It is possible that this deletion will fail because some other consumer has managed to successfully retrieve the item beforehand. We could ensure that this would never happen by organising for a queue-wide lock – this is easily implemented in ZooKeeper (although left as an exercise for the reader). However, this would severely impact performance by only allowing a single consumer to access the queue at one time. Instead, the client simply deals with the failed delete – again, indicated via an exception – and moves on to the next child znode in the list. If the client reaches the end of the list without successfully deleting an item, it should issue another get_children call to make sure that no items were added while the original list was being scanned. Once the get_children call returns an empty list, the dequeue procedure gives up and returns None.

Blocking reads

Sometimes we might want to block until an item is available to retrieve. It would be inefficient to copy exactly the non-blocking approach and simply loop, issuing get_children requests until an item was found. Instead, we can leverage ZooKeeper’s watcher mechanism to provide an asynchronous notification when a new znode is created as a child of the queue znode. The code to accomplish this is a combination of the patterns we’ve seen already in the dequeue and connection code.

First the client acquires a lock to prevent the watcher sending a notification when the client is unready. Then, as in the dequeue method, the client retrieves a list of items, but here a watcher parameter is specified. The watcher will fire whenever any event is seen that is relevant to the queue znode. The watcher acquires the lock – blocking until the client has given it up – and then notifies the client that there may be more items available.

The client only waits for this notification if all the children returned from get_children have already been consumed by others – otherwise it will successfully retrieve an item and return it. Once all possible items have been exhausted, the client waits on the condition variable. After being woken up, it repeats the same list-read-delete-wait loop.

Failure modes

ZooKeeper operations can fail in a number of ways. In order to keep this example simple, most errors are raised as exceptions and the queue aborts. A more robust implementation should catch errors at every ZooKeeper invocation, as many can be recovered from with a little effort.

The zookeeper.CONNECTIONLOSS error condition is particularly worth noting. ZooKeeper may drop a client connection at any time, due to physical link loss, network congestion or other connection problem. This can cause ZooKeeper API invocations to abort before the ZooKeeper cluster is able to inform the client of the operation’s success. This is problematic for our queue, as enqueue operations may or may not have succeeded when we receive a CONNECTIONLOSS error.

There are several approaches we can take to this problem. The first is to blindly retry enqueue when a connection is lost. This could result in an item being queued several times, but for some systems this is not a significant problem. For example, if a web page is crawled twice, apart from the time cost there will be no hardship caused to a indexing engine.

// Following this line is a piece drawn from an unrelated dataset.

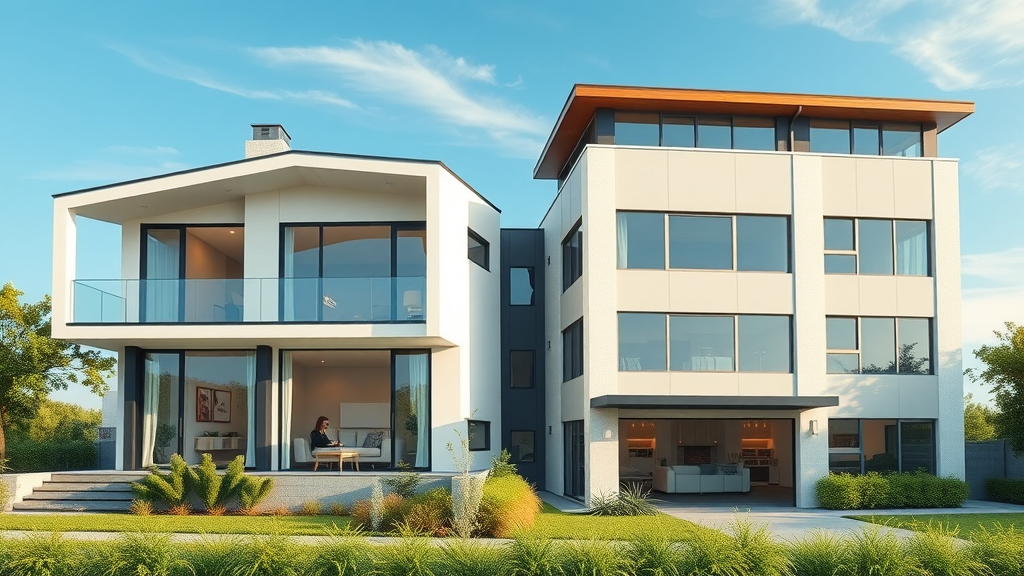 Modern home and business buildings with efficient HVAC systems, Long Island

For some applications, duplication of enqueue operations is problematic. The obvious ‘solution’ is to check whether an item is in the queue after it has been queued. However, it is possible that a consumer will have retrieved and deleted the item between the connection loss event and the subsequent reconnection and existence check. Instead, a two-phase protocol is necessary where a producer marks an item as ‘consumable’ only when it is sure it is in the queue, by atomically updating its associated data with a flag. Consumers may only retrieve items for which the flag is set. If a connection loss occurs during the setting of this flag, recovery is easier as the set call may be reissued – if the item is no longer present in the queue, the only possible explanation is that the original flag update succeeded and the item has been consumed. This is not built into the example code, but a production system should implement a similar form of connection loss recovery.

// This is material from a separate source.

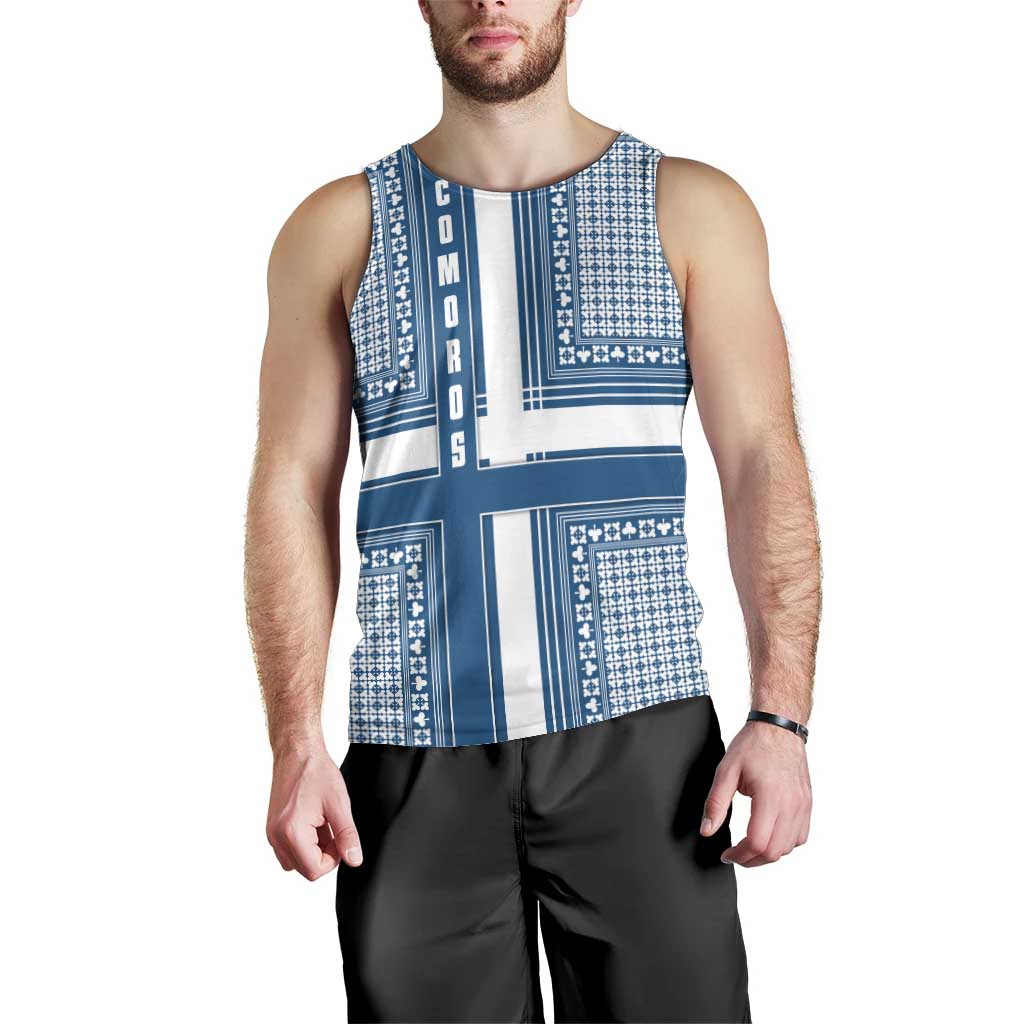 Comoros Men Tank Top with Blue and White Traditional Geometric Pattern and National Flag Detail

Taking care of failure modes like this one often comprises most of the work of building a distributed system. The key is to understand every exception that API calls can throw, and to know what your code does in every circumstance.

Using the queue

To use the queue, you must first make sure you have built and installed both the C client libraries and the zookeeper Python module. There are two prerequisite packages: the cppunit development package and the Python development package. On yum-based systems, these are named cppunit-devel and python-devel. Both packages are available through standard platform package managers like yum, apt and Darwin ports.

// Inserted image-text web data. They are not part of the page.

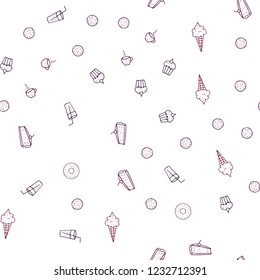 Dark Purple vector seamless background with tasty food. Fast Food on blurred abstract background with colorful gradient. Doodle design for your business advert of cafes.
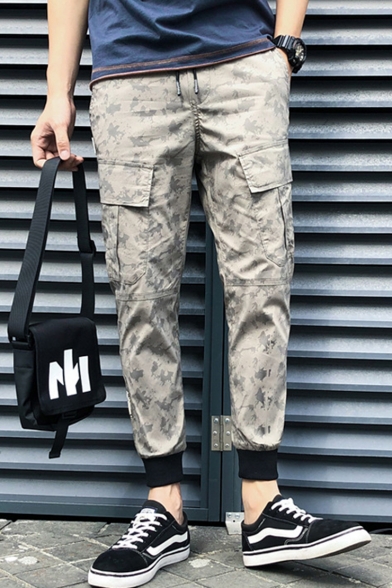 New Stylish Camouflage Printed Flap Pocket Side Casual Slim Cargo Pants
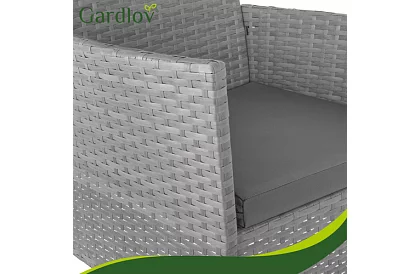 Zahradní sada nábytku – stůl, pohovka, 2 židle – tmavě šedá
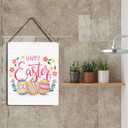 Funny Happy Easter Wood Sign Rustic Easter Egg Flowers Wooden Hanging Plaque for Home Living Room Bedroom Wall Art Decoration 8 x 10 Inches Present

As a prerequisite to building the C client libraries, the Java based-server must be built. This auto-generates some header files that the C libraries rely on. From the root directory of the downloaded distribution:

ant

The C client libraries for ZooKeeper must be installed as the Python module makes use of them to actually communicate with a ZooKeeper cluster. It’s easiest to build these from source. From the src/c directory, type the following:

autoreconf -if
./configure
make && sudo make install

The downloadable package contains the source code for the Python module. To build and install, one command should do the trick from the src/contrib/zkpython directory:

ant install

To test the installation, start a Python shell and type import zookeeper. If you don’t see any errors or warnings, the module has been built and installed successfully. The bindings have been tested with Python 2.3, 2.4, 2.5 and 2.6, and are known not to work with 2.2 and earlier. We haven’t yet tested them against Python 3.x – we’d love to hear your feedback about your experiences with the latest versions of Python.

To run the queue example, you must have a ZooKeeper server running on the local machine at port 2181 (to change the location of the server, edit the string passed to zookeeper.__init__). The Java-based server will have been built when you ran ant from the root directory of the distribution earlier. Before the server can run, it needs a configuration file to read:

cat >> conf/zoo.cfg
tickTime=2000
dataDir=/tmp/zookeeper
clientPort=2181

Now you can run bin/zkServer.sh start to start a standalone server on the local machine. To stop the server in the future, run bin/zkServer.sh stop.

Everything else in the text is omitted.